Raw data
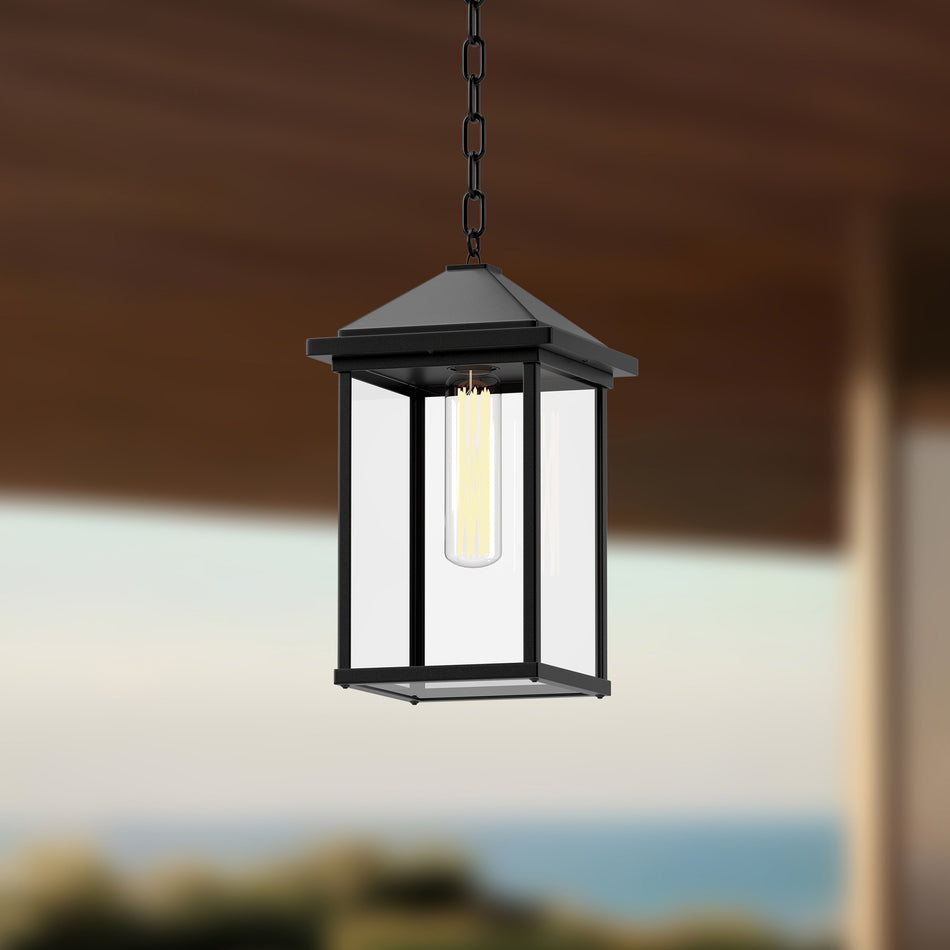 Larchmont 7-in Clear Glass/Textured Black 1 Light Exterior Pendant by ALORA MOOD
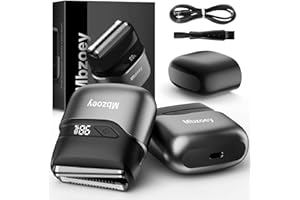 Mbzoey Mini Electric Razor for Man: Electric Foil Shavers for face - IPX7 Waterproof Cordless Razor with LED Display & Fast Charge - Micro-Comb Technology & Upgraded Blades, Carbon Black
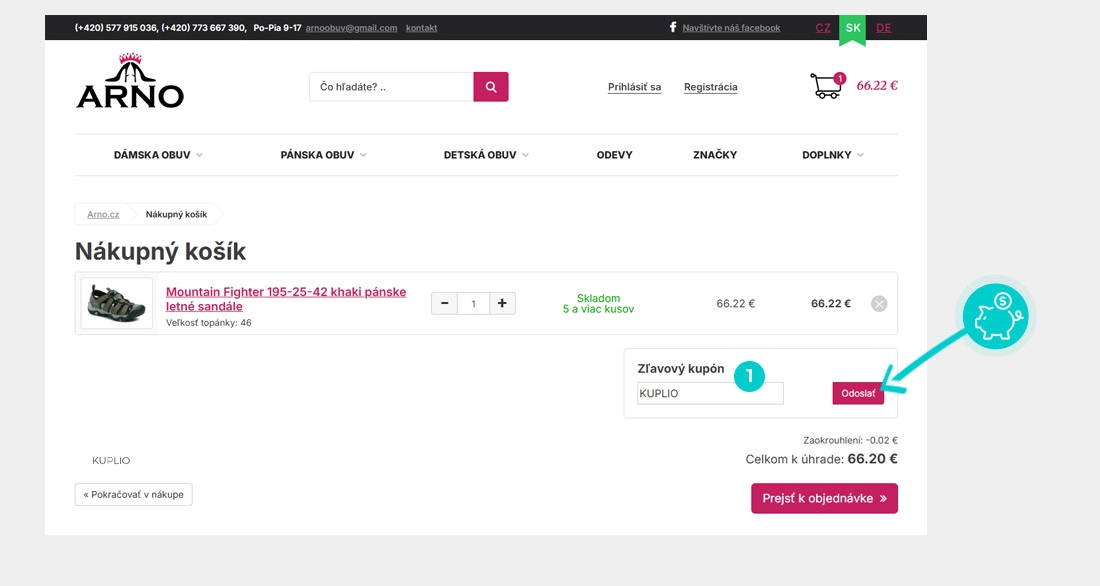 Návod ako uplatniť zľavový kód v košíku e-shopu Arno obuv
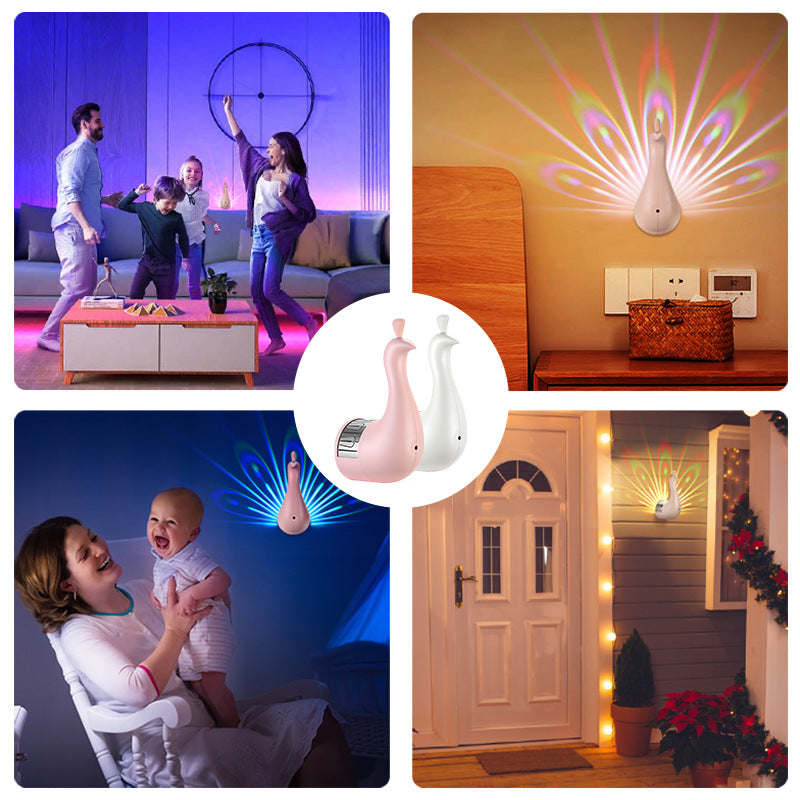 Rechargeable Projection LED Wall Sconce Lamp Night Light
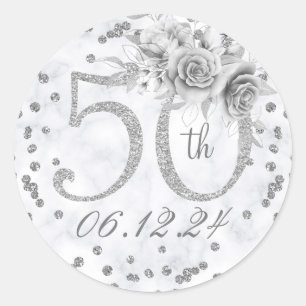 Elegant 50th Birthday Party Glam Marble Silver  Classic Round Sticker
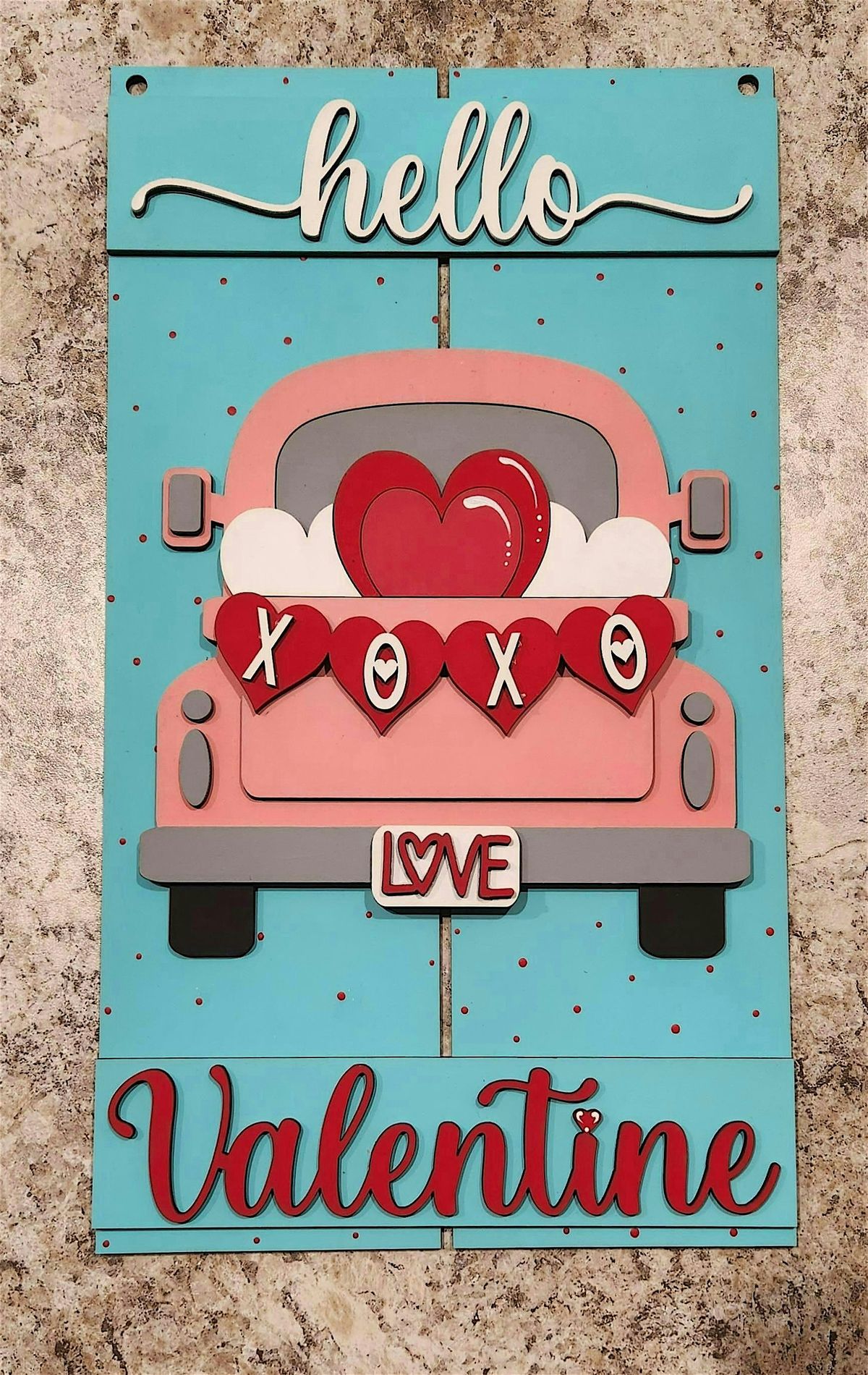 Valentine Truck Door Hanger Sip & Paint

Work instructions
The required output is the lines from the one containing "Rechargeable Projection LED" through the end of the data, printed exactly, with no pictures.

Worked solution
 Rechargeable Projection LED Wall Sconce Lamp Night Light
 Elegant 50th Birthday Party Glam Marble Silver  Classic Round Sticker
 Valentine Truck Door Hanger Sip & Paint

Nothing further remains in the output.